Hey! Watch the Birdie!
Every professional magician knows that key to deception is misdirection -- distracting the audience's attention. At Camp David this weekend, Bush and his crack team of as-yet unindicted co-conspiritors are cooking up a doozie of a week for us. Naming his sloppy-seconds replacement for Sandra Day O'Connor, someone he's already admitted will have to be less qualified than Harriet Miers, will send the press herd stampeding in a new direction, away from the lying rationale for the Iraq war. And now that red alerts have lost their power to distract (watch out, there's a Commie -- I mean, a terrorist -- under your bed!), Bush will enflame our fears under the guise of preparing us for a bird flu pandemic. Influenza is the new Islamofascism.

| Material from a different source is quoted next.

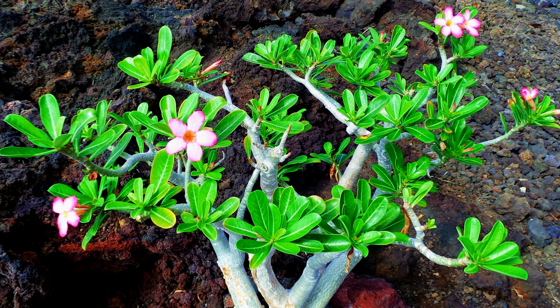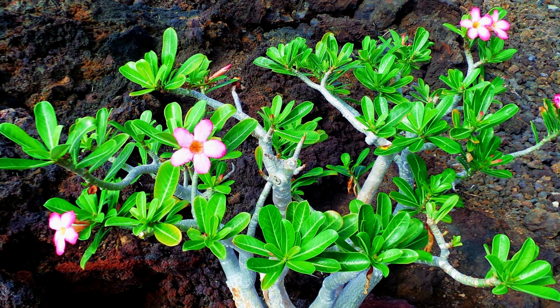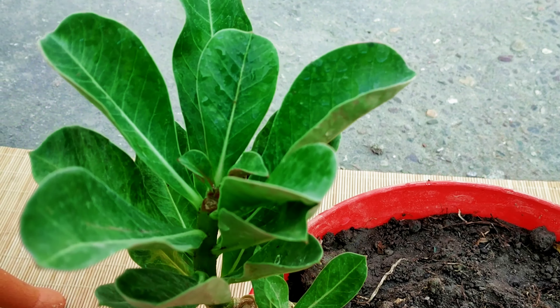The desert rose, or Adenium obesum, is a slow-growing plant, only growing about 12 inches per year. Desert rose is often used as a bonsai plant thanks to its thick succulent trunk, thin and delicate leaves, and luscious, deep pink trumpeting flowers.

The thing to remember -- the way to ward off misdirection -- is that this Administration thinks of the public in the same way they think of reporters. They believe we're easy marks for spin and propaganda. Thanks to Pat Fitzgerald and a handful of enterprise journalists who haven't sold their souls, we now know chapter and verse of how they conspired to plant and spread stories, how they lied about aluminum tubes and yellowcake, how they changed the subject from bogus evidence to Joe Wilson's motives and exploited the media echo chamber to their own advantage. The ultimate consumers of these lies, the target of their misdirection, is of course the American people. We've just had a national lesson in how this crowd works its sleight-of-hand. It's a teachable moment. Even if the press succumbs to its usual pack mentality, does the public really have to be the manipulable mob Karl Rove is still counting on?